▶ _WHAT THE TASK ASKS_
Quote exactly, and only, the lines from the one containing "925 Sterling Silver" through the end of the material below. Skip pictures.
== == ==
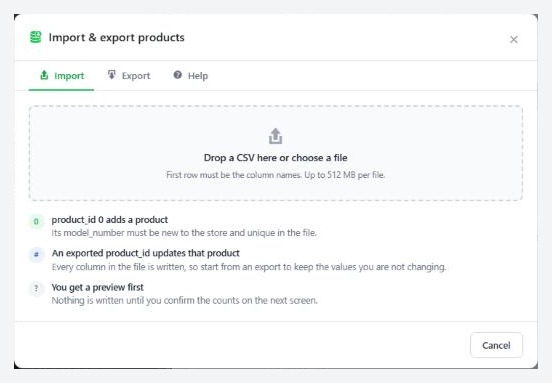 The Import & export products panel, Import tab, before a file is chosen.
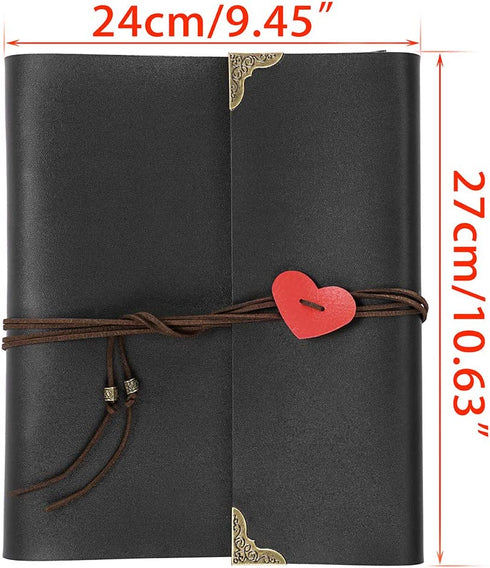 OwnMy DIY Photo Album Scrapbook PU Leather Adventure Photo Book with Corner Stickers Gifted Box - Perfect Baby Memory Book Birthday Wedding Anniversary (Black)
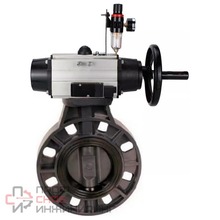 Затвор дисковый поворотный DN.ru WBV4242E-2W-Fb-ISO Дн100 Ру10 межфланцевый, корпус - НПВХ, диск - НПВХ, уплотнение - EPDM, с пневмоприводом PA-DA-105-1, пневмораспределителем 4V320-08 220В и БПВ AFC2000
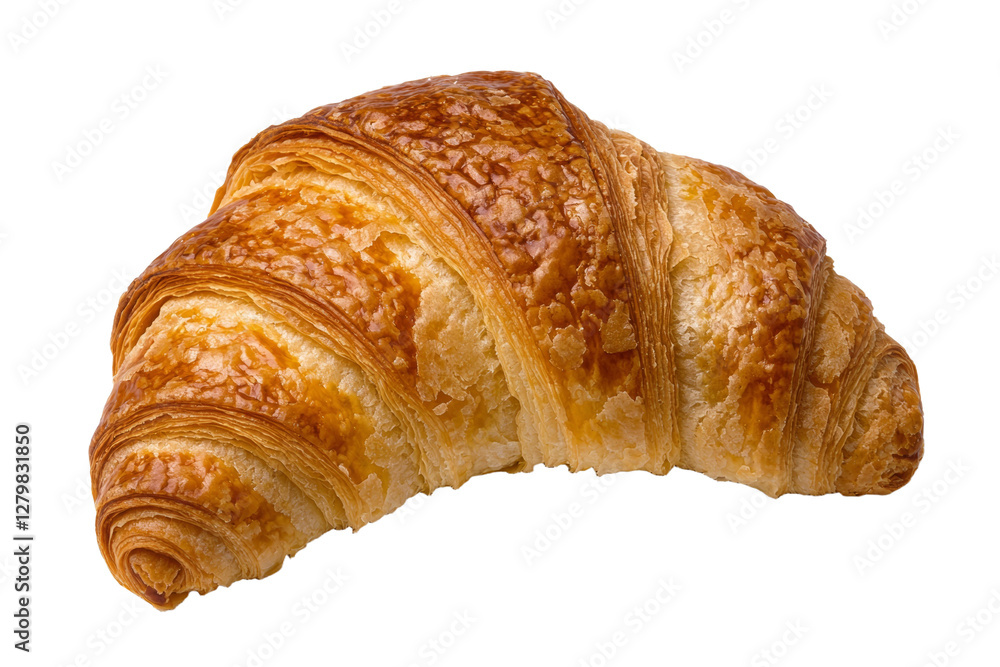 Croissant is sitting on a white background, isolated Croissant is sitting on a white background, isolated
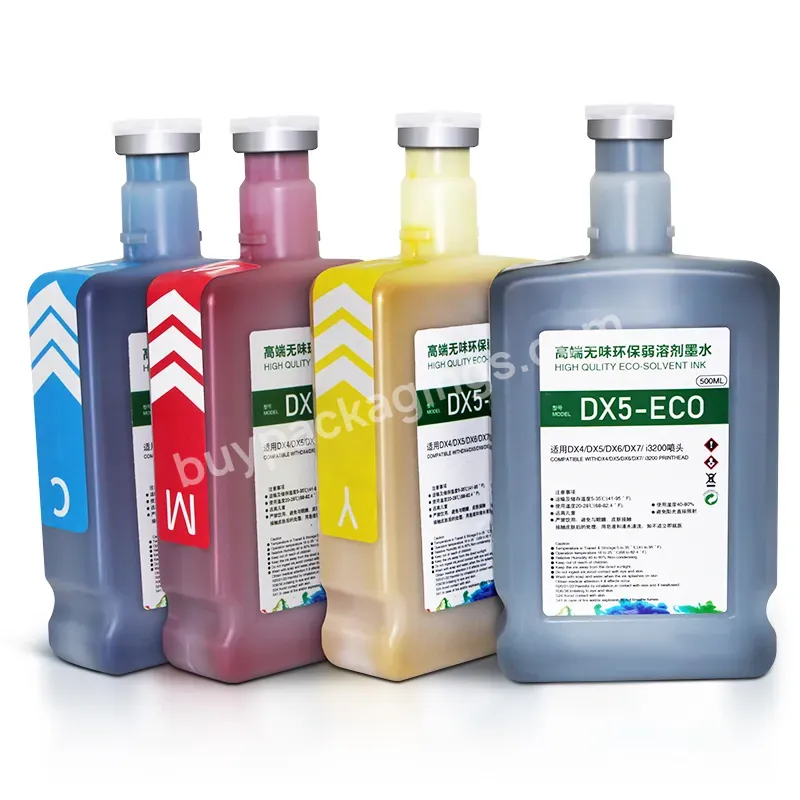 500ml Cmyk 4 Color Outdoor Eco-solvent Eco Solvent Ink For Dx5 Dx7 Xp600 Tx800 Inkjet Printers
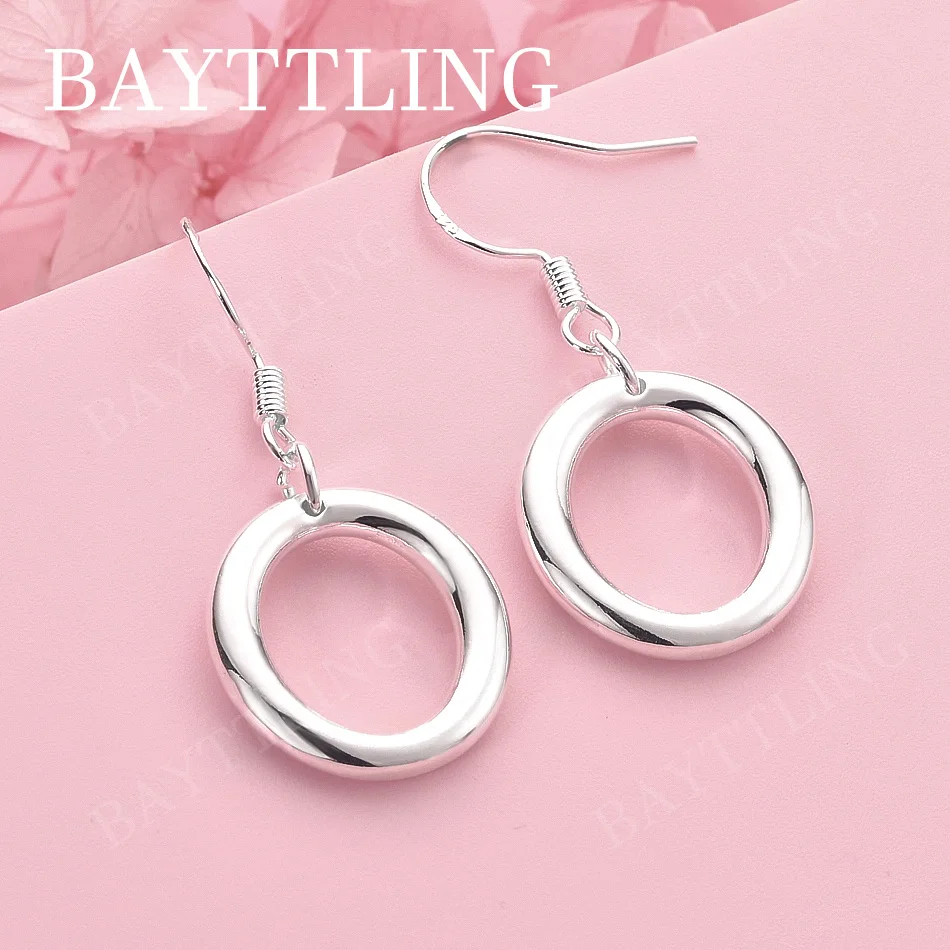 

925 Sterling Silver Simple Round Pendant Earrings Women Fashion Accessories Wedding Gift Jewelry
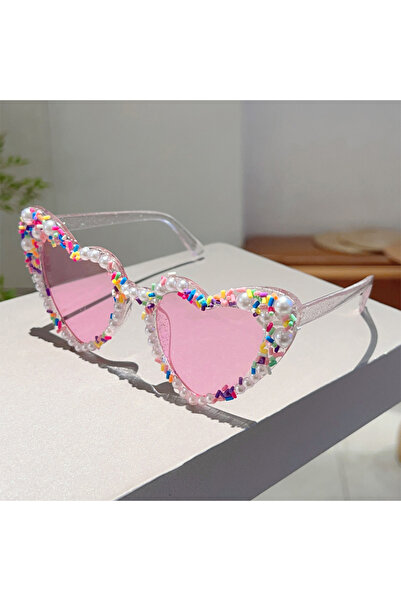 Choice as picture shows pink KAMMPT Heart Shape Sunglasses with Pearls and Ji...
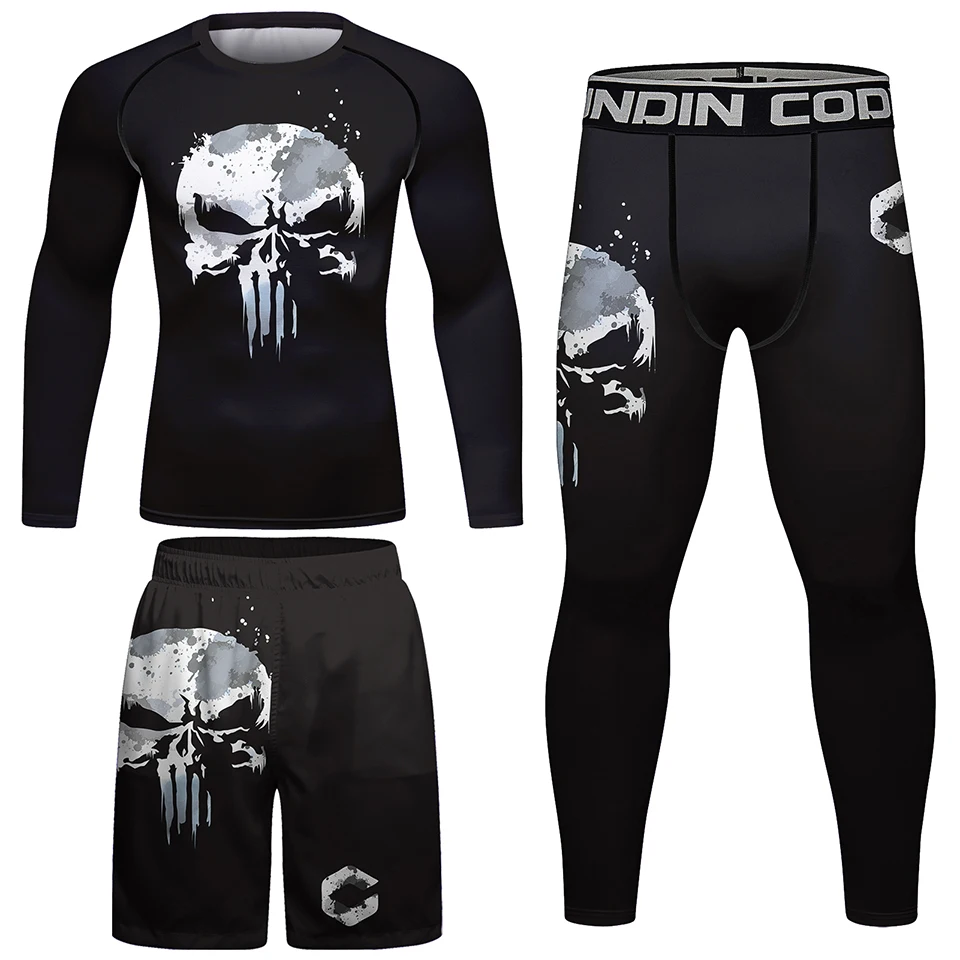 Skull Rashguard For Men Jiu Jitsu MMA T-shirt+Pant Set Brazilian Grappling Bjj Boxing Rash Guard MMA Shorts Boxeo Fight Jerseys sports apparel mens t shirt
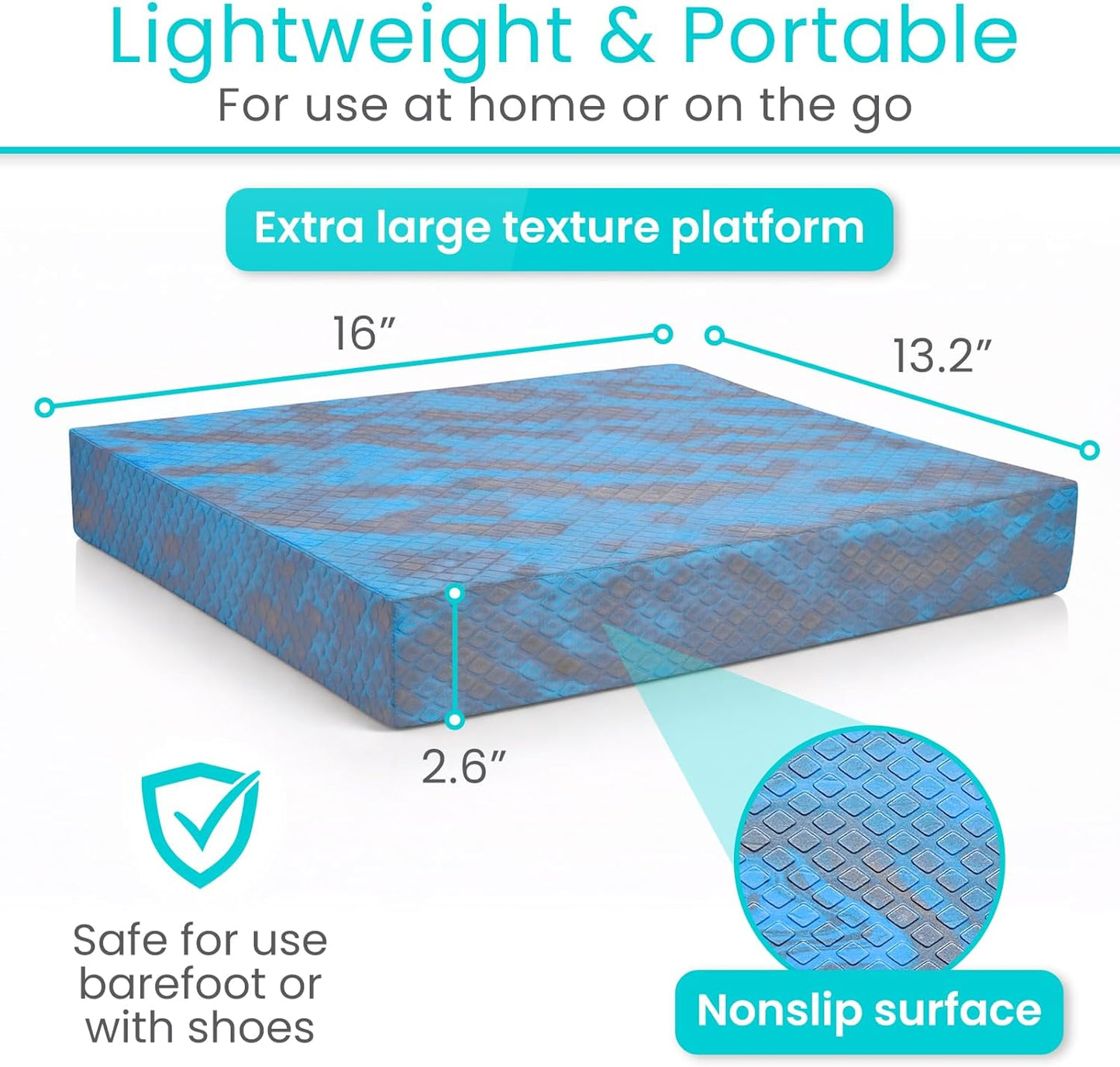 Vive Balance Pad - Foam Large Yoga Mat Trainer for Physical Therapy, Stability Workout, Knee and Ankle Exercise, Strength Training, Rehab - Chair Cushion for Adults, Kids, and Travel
== == ==
▶ _RESPONSE TO THIS EXERCISE_
925 Sterling Silver Simple Round Pendant Earrings Women Fashion Accessories Wedding Gift Jewelry
 Choice as picture shows pink KAMMPT Heart Shape Sunglasses with Pearls and Ji...
 Skull Rashguard For Men Jiu Jitsu MMA T-shirt+Pant Set Brazilian Grappling Bjj Boxing Rash Guard MMA Shorts Boxeo Fight Jerseys sports apparel mens t shirt
 Vive Balance Pad - Foam Large Yoga Mat Trainer for Physical Therapy, Stability Workout, Knee and Ankle Exercise, Strength Training, Rehab - Chair Cushion for Adults, Kids, and Travel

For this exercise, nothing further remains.